Above: drawing by Andrea Levy of the writer’s workspace
Two of Andrea’s books: The Long Song and Small Island both available on iplayer, are compelling and wonderful stories documenting the harms of slavery and social injustice and how life enrichment happens between the accepted currency of slavery, oppression and racism. In everything and situation Andrea Levy touches you can see her gift, can see the moment she touches an understanding of a what a first principle might be in a history as contested as a slave narrative.
It’s something that motivates and touches all art: see the author standing slightly away from the action, when she realised at a writing class that she needed to give her mother’s experiences a voice. When she realises that you can see her everywhere, she is healthy and healed by her insight: cheering on all of her characters. Through the journey Levy becomes larger than her own life: the resonance and legacy is astonishing.
After Highbury grammar and Middlesex Poly where she studied art and textiles, Andrea attempted to establish a creative career at the BBC. Although there was some social mobility into the BBC at this time it was mainly reserved for clever, white, grammar (and high school) boys, (like Trevor Dan apprenticing at Radio Nottingham at the same time as Leroy Wallace, (founder of many things in Nottingham and remembered particularly for Ukaidi). Dan was off to Cambridge and a fast track into the BBC. Leroy, equally capable, was seen as a ‘community leader’ with his ‘Back A Yard’ programme on Sunday although highly respected and valued was never treated and propelled forward in the same way by the BBC).
Have a look at the time capsule of what was deemed humour at the time (recently re-released which is apparently to counter ‘political correctness’) The Secret Story of The BBC Christmas Tapes It was supposed to be humour but is really the kind of ‘humour’ that laughs at how the powerful take advantage of the less powerful.

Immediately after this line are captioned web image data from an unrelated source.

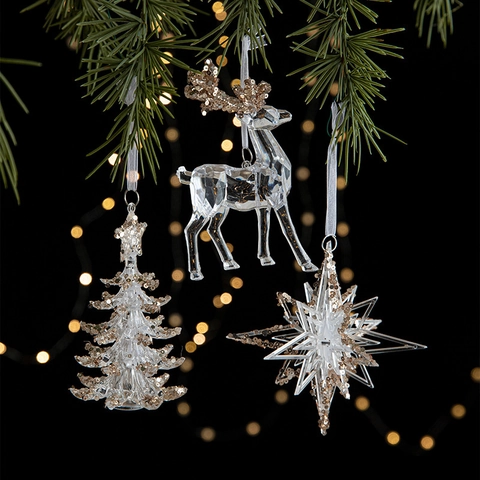 Christmas Tree Hanging Ornaments Acrylic Transparent Gold Glitter Snowflake Deer Star Bell Holiday Party Home Decor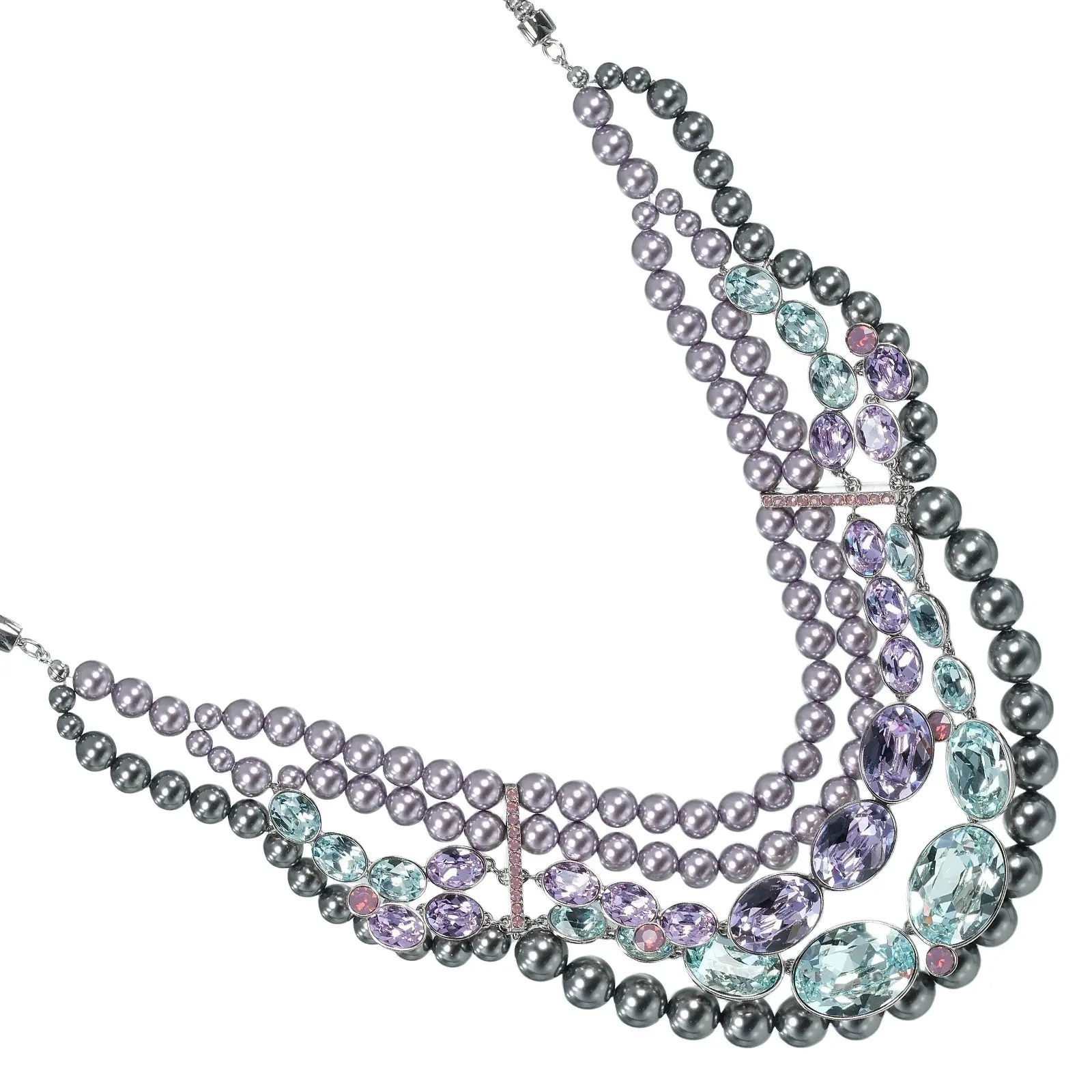 Pre-owned Swarovski Sterling Silver 925 (Ag925) Small Leather Goods Clay Large Crystal Necklace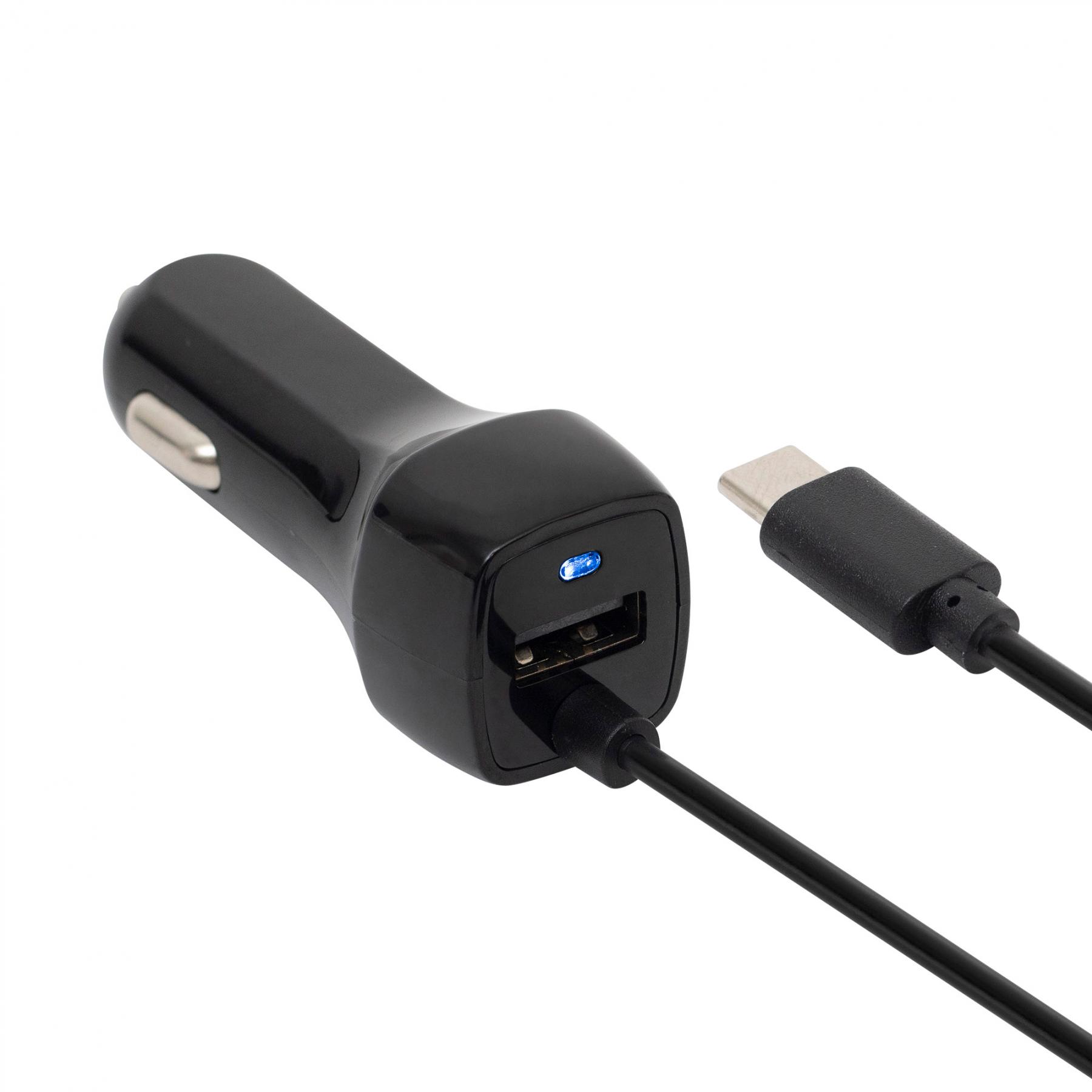 17702 SAL SAU 24C autós USB töltő 2in1, 2 készülék, USB, USB-C, 2,4 A összesen - Image 1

When you think of a culture now where a woman can be murdered so casually, look at the way women were asked to ‘play sexy’ in the BBC tapes by men who should have known better, who should have seen themselves as equals, not their bossy lieutenants, who should have been dismantling the stereotyping and prejudice of the nazi regime and the british empire.
Instead they were playing cloistered games using ‘apparently’ willing women, (who were obviously ‘good sports’) with the BBCs tools and resources.
Above: the psychological consequences of unfunny jokes
This was the environment in which if you don’t play you’re a ‘spoilsport’, but the problem is, you’re the prey and need to learn to laugh at your objectification, apparently.
The BBC environment where Andrea was attempting to establish a creative career (finishing work as a costume assistant on a drama about the fascist Unity Mitford, where she was told that actors didn’t want black people dressing them), was and still is part of an apparently casually white male culture, hostile to women and anyone who isn’t white.
The notion of accountability to the people in the UK who paid their wages through the licence and government funding and a developing inclusion and participation in democracy was never integrated into human resources, workplace and production values.
When you think about how slavery, the issues of the holocaust have never been repaired (in the programme, Levy looks at a body ledger from Jamaican planter owner, her great, great grandfather who was compensated by the british for a child he fathered with her great great grandmother who was the slave, Kitty and July her daughter in the novel).
The double naturedness of the BBC as a medium of intelligence, education and social control which was never made accountable to ideas of social equality and the welfare state after the second world war: even though TV in the 1960’s 70’s and 80’s was suddenly ubiquitous, from cradle to grave and in a culture that demanded social progress, movement and employment as a human given.
Mass entertainment at the BBC and at ITV in post war Britain, though, was white, pompous and bland: a ‘light entertainment’ ascendancy in post war Britain that allowed the still not faced issues of the second world war holocaust and racism in Britain to glibly timetable the Black and White Minstrel show as perfect entertainment for the uneducated working classes on Saturday night until 1978, a year after Alex Haley’s Roots (8th April 1977), aired in Britain on BBC 1.